Record extracts >>

########

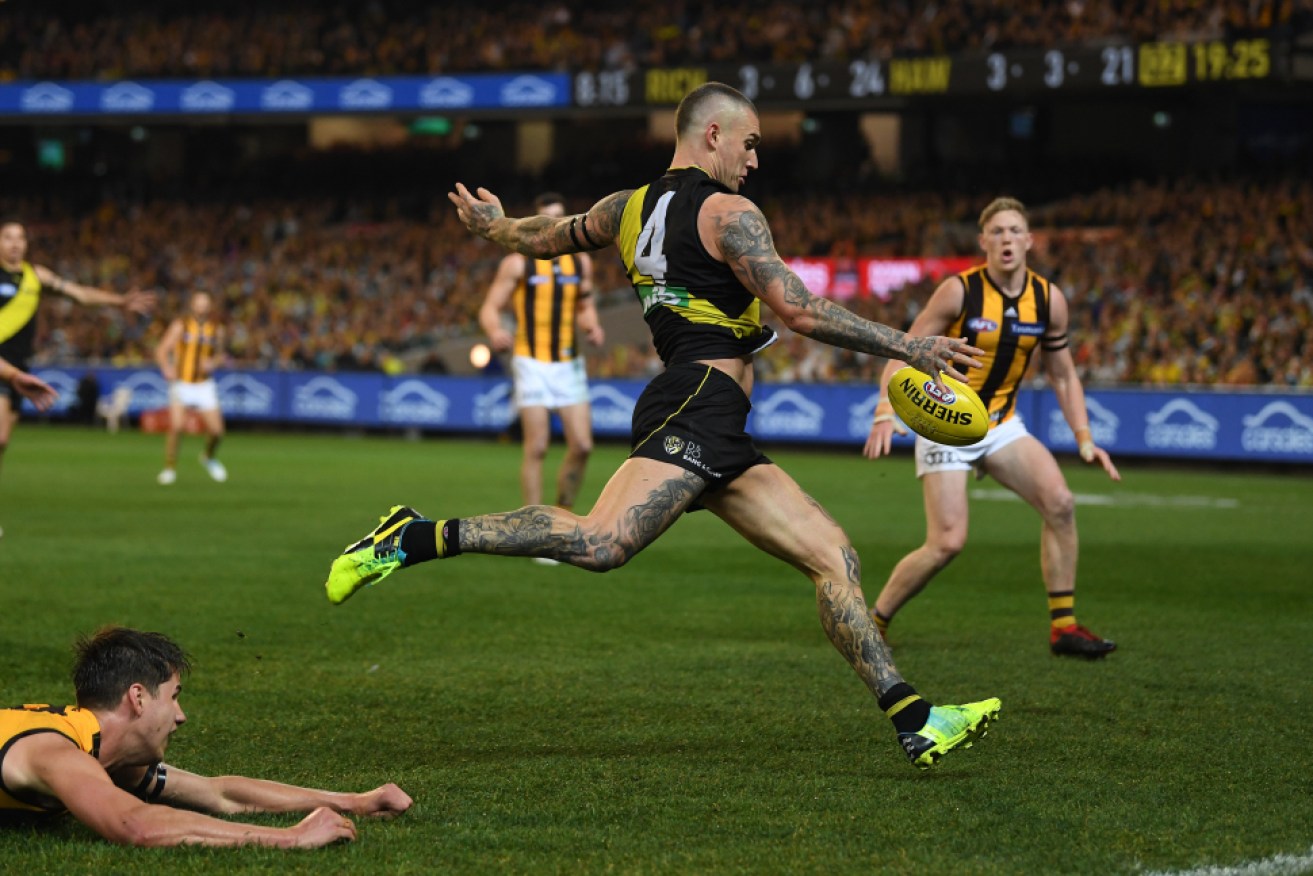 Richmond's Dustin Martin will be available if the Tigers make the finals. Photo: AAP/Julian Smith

########

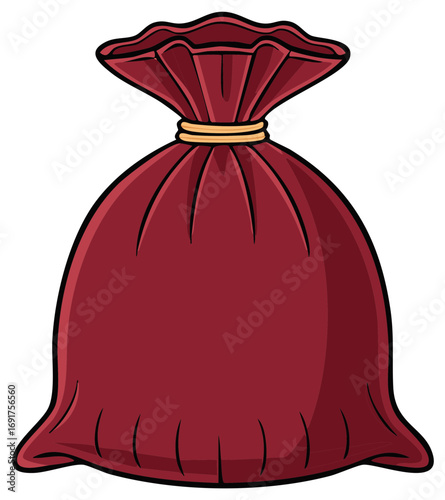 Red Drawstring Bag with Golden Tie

########

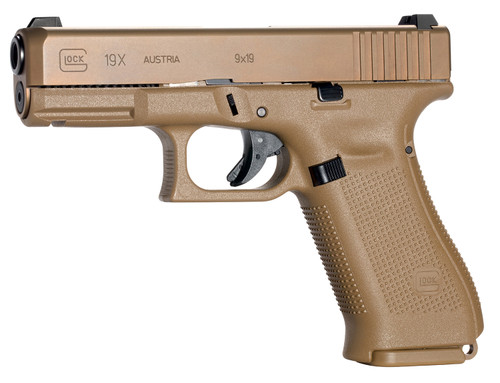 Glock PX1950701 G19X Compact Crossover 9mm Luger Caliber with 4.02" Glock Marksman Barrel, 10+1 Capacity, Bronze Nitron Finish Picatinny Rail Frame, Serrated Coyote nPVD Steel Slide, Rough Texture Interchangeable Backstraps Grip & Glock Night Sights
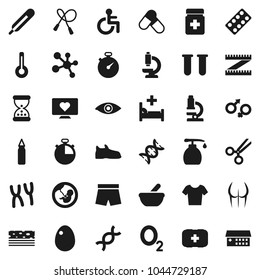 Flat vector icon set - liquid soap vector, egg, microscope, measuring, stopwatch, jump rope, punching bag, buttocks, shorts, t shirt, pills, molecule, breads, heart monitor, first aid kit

########

What this task involves >> In the listing above, find the line with "Glock PX1950701 G19X" and the line with "Flat vector icon". Set down both and every line between them, minus the pictures.

Output for this exercise >>
 Glock PX1950701 G19X Compact Crossover 9mm Luger Caliber with 4.02" Glock Marksman Barrel, 10+1 Capacity, Bronze Nitron Finish Picatinny Rail Frame, Serrated Coyote nPVD Steel Slide, Rough Texture Interchangeable Backstraps Grip & Glock Night Sights
 Flat vector icon set - liquid soap vector, egg, microscope, measuring, stopwatch, jump rope, punching bag, buttocks, shorts, t shirt, pills, molecule, breads, heart monitor, first aid kit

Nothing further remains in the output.